It’s this meditative and childlike aura that always draws one in, leaving the
emotional turmoil and grit of everyday existence to bubble up in its wake.
And therein lies the danger with Klee. So easy to like and
so difficult to criticise, his oeuvre is - as the curators themselves state - a
strange parallel cosmos of personal signifiers and transmuted modernist
technique, always inspiring but never easy to fit into the warp and weft of the
surrounding milieu. Maybe this is why the exhibition draws you back again and
again to the equally important work he achieved at Gropius’ Bauhaus as a
teacher. His writings (especially his most famous volume: The Pedagogical Sketchbook:
1924) display a mind which sought to balance the mystical and the experimental
and which, from his earliest days as a member of Franz Marc and Kandinsky’s
Blaue Reiter group, was obviously wonderfully open and non-judgemental, valuing
the impulse of intuition just as much as sheer hard graft.
You can see it in his subtlest works. His 1926 ink and watercolour works Sacred
Islands or View of a Mountain Sanctuary combine an almost occidental Zen
purity with a miniscule detailing and new techniques in background colour that
only becomes clear after minutes of contemplation. This is the most quiet form
of revolutionary art imaginable.
It doesn’t mean to say that Klee was above social commentary
(as the exhibitors are often at too many pains to point out) such as his
post-war work from c.1920, Memorial To The Kaiser or They’re
Biting. Here his work displays the spidery caricature-like lines that
seem to anticipate the fun of later satirists such as Ronald Searle and
other ‘50s cartoonists and animators. But Klee’s humour is never overly cruel
or blunt, always preferring a gentle lampooning.
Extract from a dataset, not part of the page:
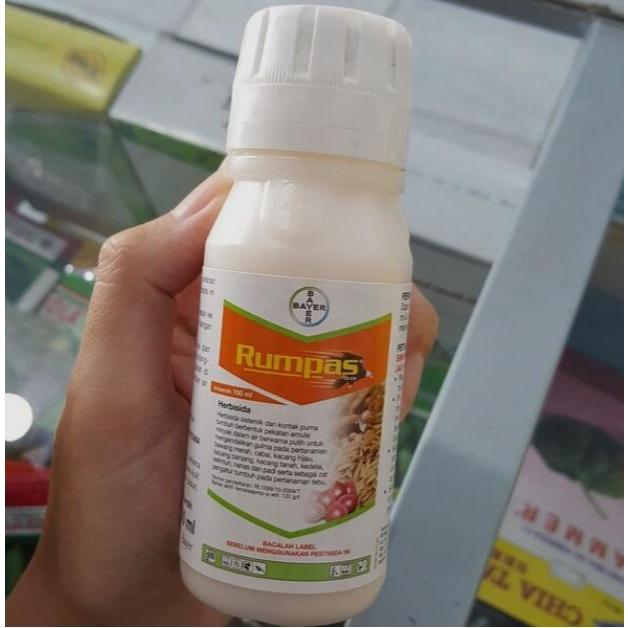 Herbisida Rumpas selektif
Compared to many of his German contemporaries his
semi-abstraction may lack shock value, but then that was never his aim, and
besides: the mark of a true innovator is to see his or her work subsumed into
future aesthetic language, making so much of Making Visible almost too
familiar. If you’re going make sure you take your time, for it’s hard to see
such genius with really fresh eyes. Especially when you consider that for many
of us the ease with which Klee slips the radical into your view means that he’s
one of those modernists who’s adopted as an early art hero by teenagers. I
certainly loved Klee long before I ever fell for Ernst or Duchamp.
Making Visible is by no means a great retrospective. There’s no juvenilia, scant supporting literature, with only his earliest attempts at cataloguing his
own work and preparatory notes for teaching included in the first room, and
while – when you take into account how popular this will be - I can see why
each room has so few works (a maximum of about ten per gallery, which isn’t a
lot when you think how SMALL his stuff is), you still come away wanting more.
The famous satori
of his trip to Tunis with Macke and Moilliet that opened his eyes to the use of
colour is mentioned, but there seem to be few examples of the trip’s immediate
effects and contemporary photographs are non-existence. All of which reinforces
the myth of Klee as a man removed from time and creating in some platonic
bubble.
Only in the last two rooms where events began to overwhelm him do we get a sense of frustration and bleakness, albeit represented by some paintings of witches which seem to draw on Jungian archetypes. By the last room equilibrium returns in the contrasting works which display, to the very end, a striving for new means of expression (the geometric linear style of Diagram of a Fight, 1939) as well as a sense of calm acceptance in the final Twilight Flowers (below) painted before his death in 1940 as he fruitlessly awaited citizenship from his Swiss homeland. It was granted six days after his death. I’m sure he would have accepted that ironic news with the same grace that he seemed to have lived his life.